En las pasadas décadas se le llamaba boom al apogeo de una determinada actividad que concitara la atención de millones de personas o que se adhirieran a ella no solo con interés sino, sobre todo, con frenesí.
Así todos conocemos el boom de los años setenta de la llamada música disco (lo que conocimos como “música americana”), el boom de los ochenta con la balada pop y el boom de los noventa hacia acá de la Internet.
Los menos jóvenes asistieron al boom literario de los sesenta, juntamente con el boom de la disidencia social con fuertes matices político-ideológicos cuya expresión más destemplada fue el movimiento hippy.
En la República Dominicana como en todas las naciones llamadas “en vías de desarrollo”—siempre he considerado esto como un eufemismo para no decir países atrasados–, estos boom se manifestaron por acto reflejo, en razón de que por nuestras mismas condiciones no estábamos en capacidad de marcar tendencias.
Ahora bien, en lo que nosotros sí podemos marcar esas tendencias, posiblemente mundiales, es en el boom de la mentira y la manipulación, y la difamación, y el engaño, la trampa, y la orquestación, etc.
No creo que exista otra sociedad donde se manifieste con tal desparpajo la tendencia de medios de comunicación, comunicadores, políticos, empresarios, sindicalistas y otros actores, hacia el montaje de “campañitas” mediáticas con el objetivo de obtener ventajas.
En lo empresarial, para descalificar competidores y dominar mercados o masas de consumidores; en lo político y mediático con fines de difamar a cambio de, con lo cual también se logran objetivos no alcanzables por la vía legal.
Es doloroso admitir que el sector al que uno pertenece es el que, con frecuencia, se presta a servir de conducto cloacal de esos propósitos cuya mala fe sobresale como una torre en barrio marginal.
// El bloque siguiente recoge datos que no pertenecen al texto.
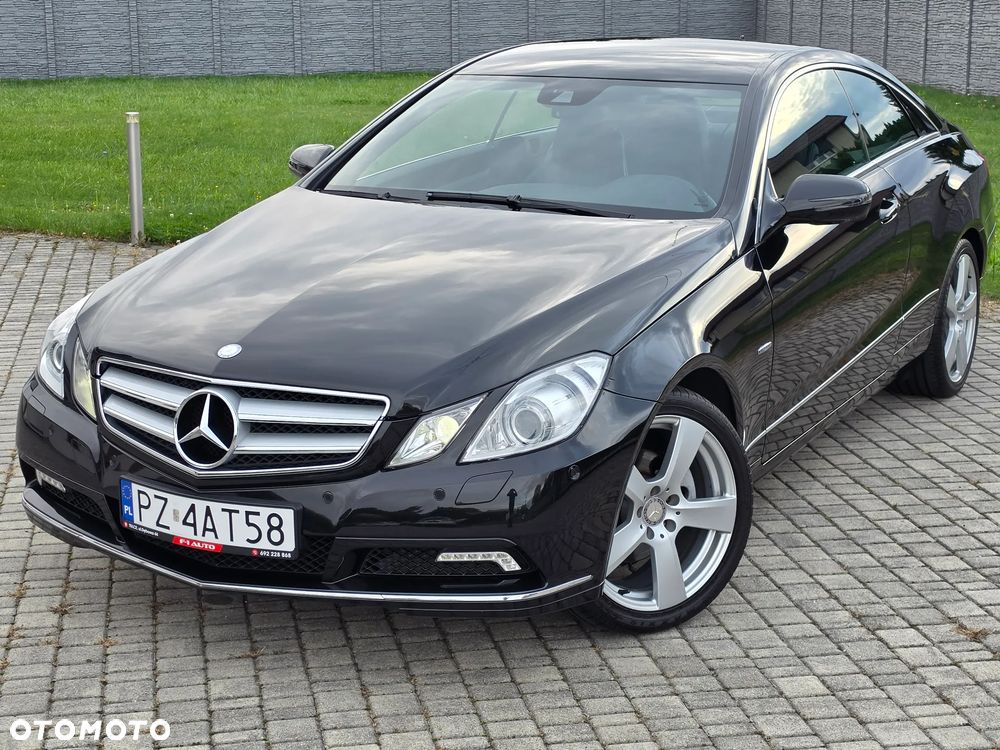 Mercedes-Benz E-Class 2010 photo 3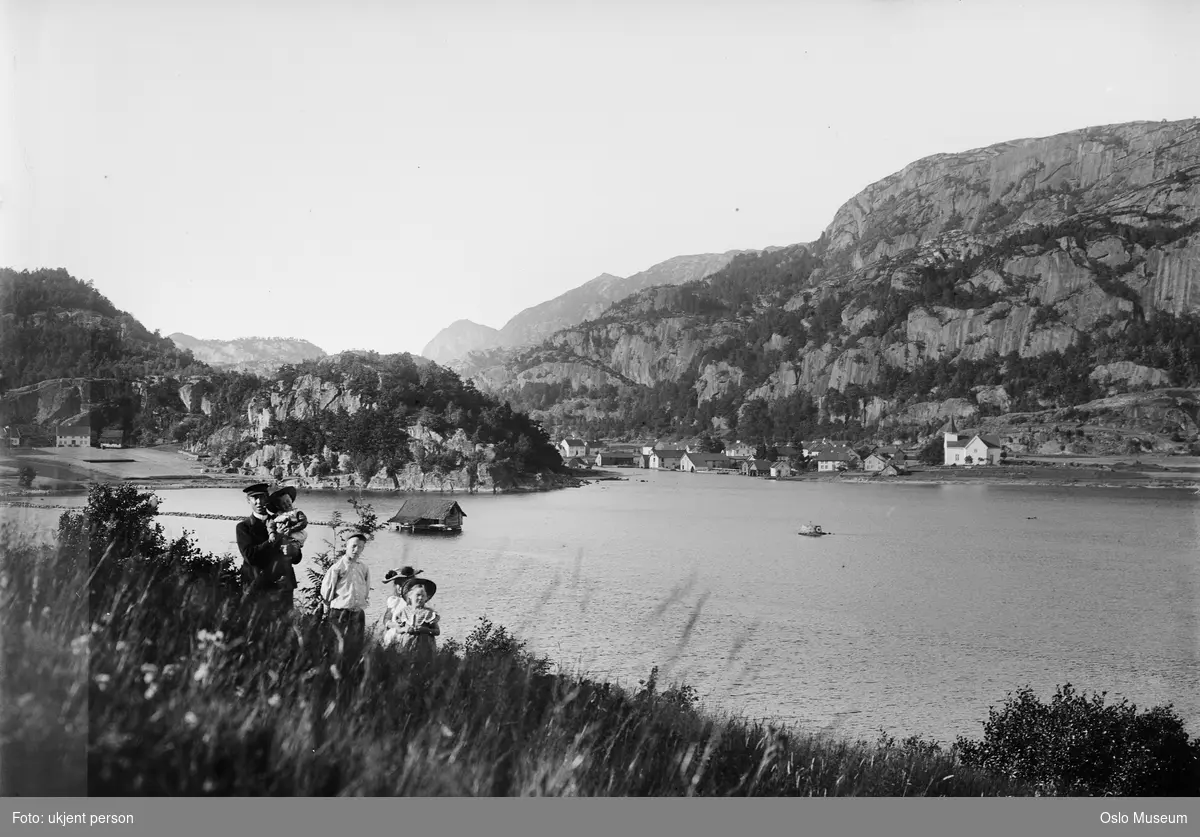 kystlandskap, mann, barn, kirke, gårder, fjord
Y no hay ni siquiera sanciones sociales para tales actitudes.
En las sociedades que a fuerza de duros tropezones han logrado acumular una gran fortaleza moral, se sanciona aun sean con el desprecio a aquellos medios o periodistas que son descubiertos inmersos en semejantes violaciones éticas.
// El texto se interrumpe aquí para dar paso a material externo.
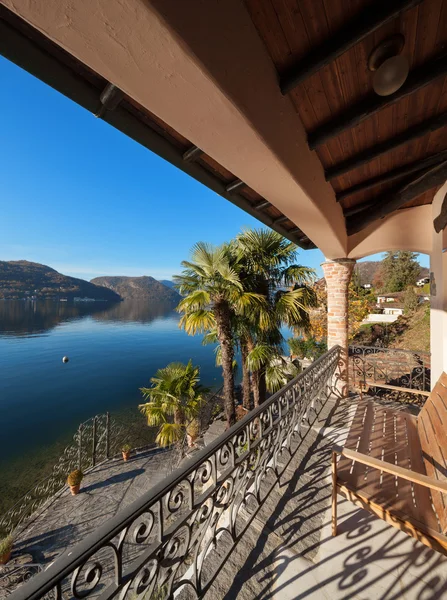 Casa clássica, agradável terraço — Fotografia de Stock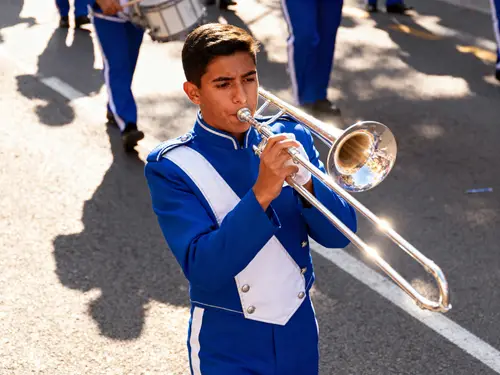 Bolivia's Banda Central in Barcelona | Electric Blue Uniforms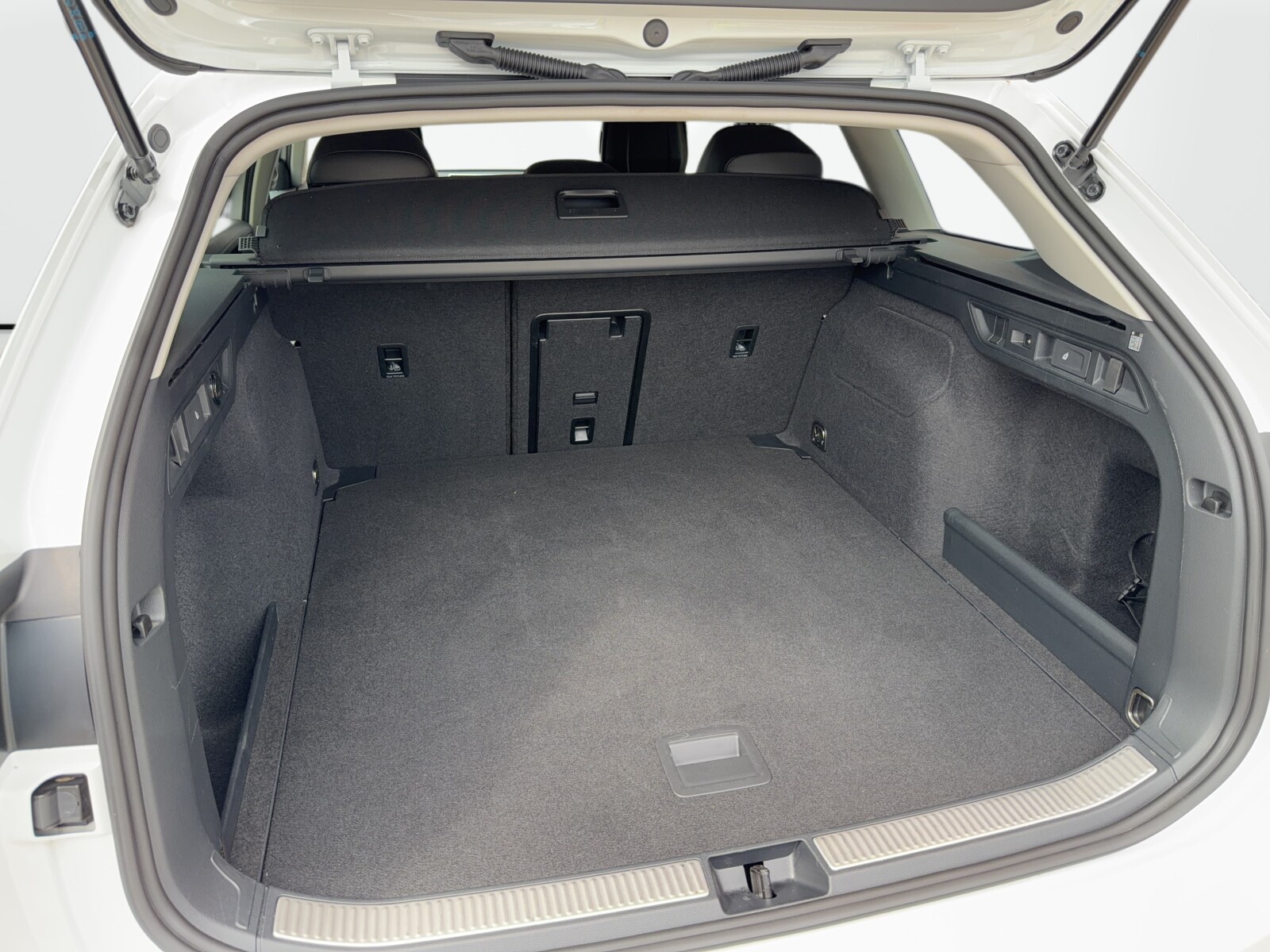 Volkswagen Passat - zdjęcie 34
Cobrar por la puesta en ejecución de campañas mediáticas, o montarlas para esperar llamadas de las “víctimas propiciatorias”, supone un crimen contra la verdad, única arma realmente efectiva con que cuenta un periodista.
Y me refiero específicamente a los periodistas, pues los “comunicadores”–esta especie de plaga de langostas que ha poblado los medios electrónicos y las redes de la Internet con muy poco valor ético y moral–, no parecen estar sometidos al rigor de ninguna legislación.
Es ahí donde el boom de la mentira ha ganado más terreno y hace sus estragos, con muy pocas herramientas a la mano para cerrarle el paso.